The quantity and variety of information we now produce has outpaced our ability to preserve it for the future. Librarians are the only ones who are making sure that our collective memory is preserved. And they, along with small teams of digital historians elsewhere, are still trying to understand the scope of myriad challenges involved in modern preservation. If today’s born-digital news stories are not automatically put into library storehouses, these stories are unlikely to survive in an accessible way.
So: The articles we see today on TheAtlantic.com are stored in a CMS that is ambiguously hooked up to my library’s archival feed.
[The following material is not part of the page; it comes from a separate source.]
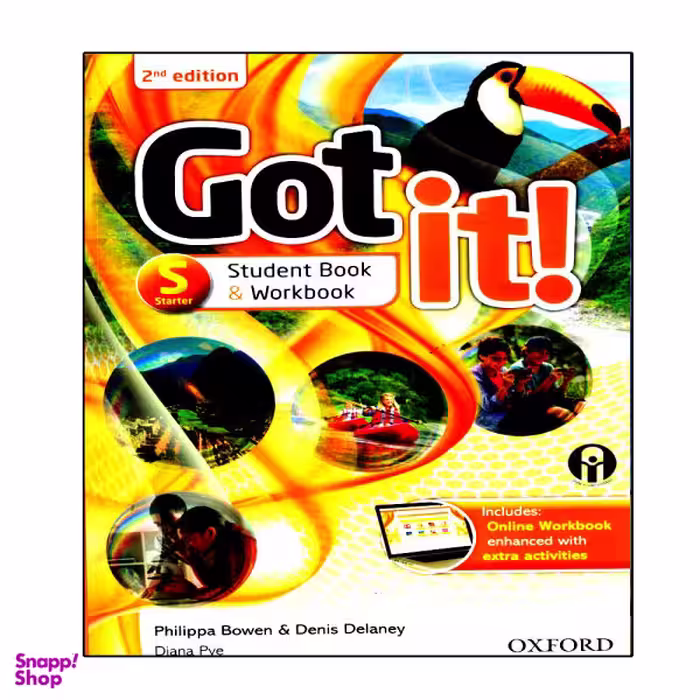کتاب Got It Starter اثر جمعی از نویسندگان نشر الوند پویان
For the purposes of scholarly research (which is performed through library databases, not through Google), it appears that some subset of articles from TheAtlantic.com are not being preserved. Which means that in 20 years, media scholars may not be able to read Adrienne LaFrance’s article about a story that disappeared and was resurrected, because LaFrance’s article may have disappeared.
Some savvy readers may wonder: What about the Internet Archive? Doesn’t the Wayback Machine preserve web pages, and won’t LaFrance’s story be preserved that way? The simple answer is yes. LaFrance’s article was crawled by the Internet Archive’s Wayback Machine, and you can go and look at it there. The folks at the Internet Archive are thoughtful digital preservationists, and I am grateful every day for their work preserving our collective digital memory.
If I know exactly what web page I am looking for, the Internet Archive is very helpful. I know that LaFrance’s story ran on the front page of TheAtlantic.com on October 14, 2015, and so I can go to the Wayback Machine and look at the snapshot taken closest to that date, which is October 15, and I can see LaFrance’s story “Raiders of the Lost Web” and I can click on it.
But if I don’t know exactly the web page that I want and exactly the day that the information appeared, I won’t be able to find the information in the Internet Archive. Library databases are indexed so that they are searchable, meaning that the databases include lots of information about the information that they contain. The Wayback Machine is technologically quite sophisticated—it preserves images and code too, for example—but it is not yet indexed so as to be easily searchable. The Internet Archive will allow you to find a needle in a haystack, but only if you already know approximately where the needle is.
I’m pretty sure that in five years, when I want to re-read LaFrance’s article, I won’t remember the exact date on which it was published. I’m also reasonably sure that in five years my browser bookmark to the story will be broken because of linkrot: The Atlantic will have redesigned its website and the story’s URL will be different. My 2020 web-searching self will probably look on The Atlantic’s website and fail to find the article because the CMS will have changed, and the search parameters will be set up differently, and I will not be able to find so much as a title for the article in the library databases. Which means I will give up in frustration and rant to anyone who will listen about how disorganized the online world is and how we are losing digital history almost as soon as we make it. This is a shame. Because it’s a really good article, and it deserves to endure.
There is a solution, of course. I could just print the article and keep it in my filing cabinet. But that would be a step backward, not forward.